**TASK TO CARRY OUT**
There are pictures in the records below; leave them out and set down exactly the lines from the one holding "Brick residential home" through the one holding "Egyptian soldiers next".

**AVAILABLE DATA**
++++++++++
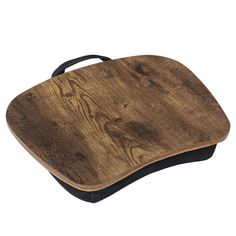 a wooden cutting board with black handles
++++++++++
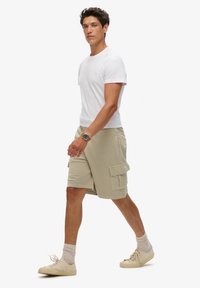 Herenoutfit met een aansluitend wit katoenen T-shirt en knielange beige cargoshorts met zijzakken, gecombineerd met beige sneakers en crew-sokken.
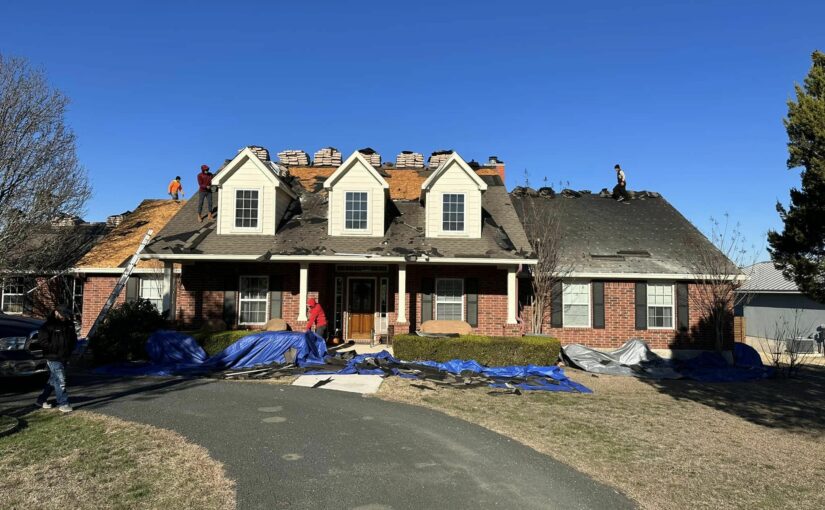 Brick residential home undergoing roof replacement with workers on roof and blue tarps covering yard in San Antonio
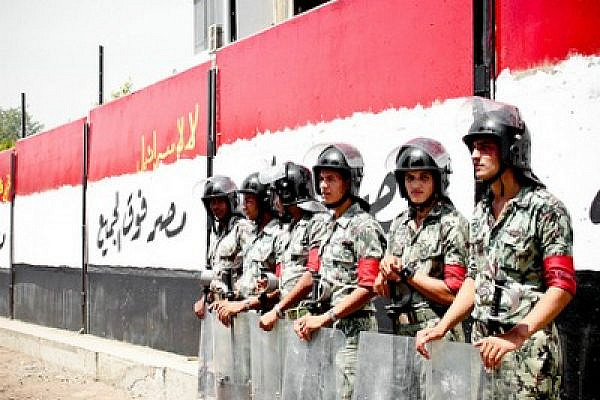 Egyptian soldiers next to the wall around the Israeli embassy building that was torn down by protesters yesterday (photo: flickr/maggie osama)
++++++++++
**TASK RESULT**
 Brick residential home undergoing roof replacement with workers on roof and blue tarps covering yard in San Antonio
 Egyptian soldiers next to the wall around the Israeli embassy building that was torn down by protesters yesterday (photo: flickr/maggie osama)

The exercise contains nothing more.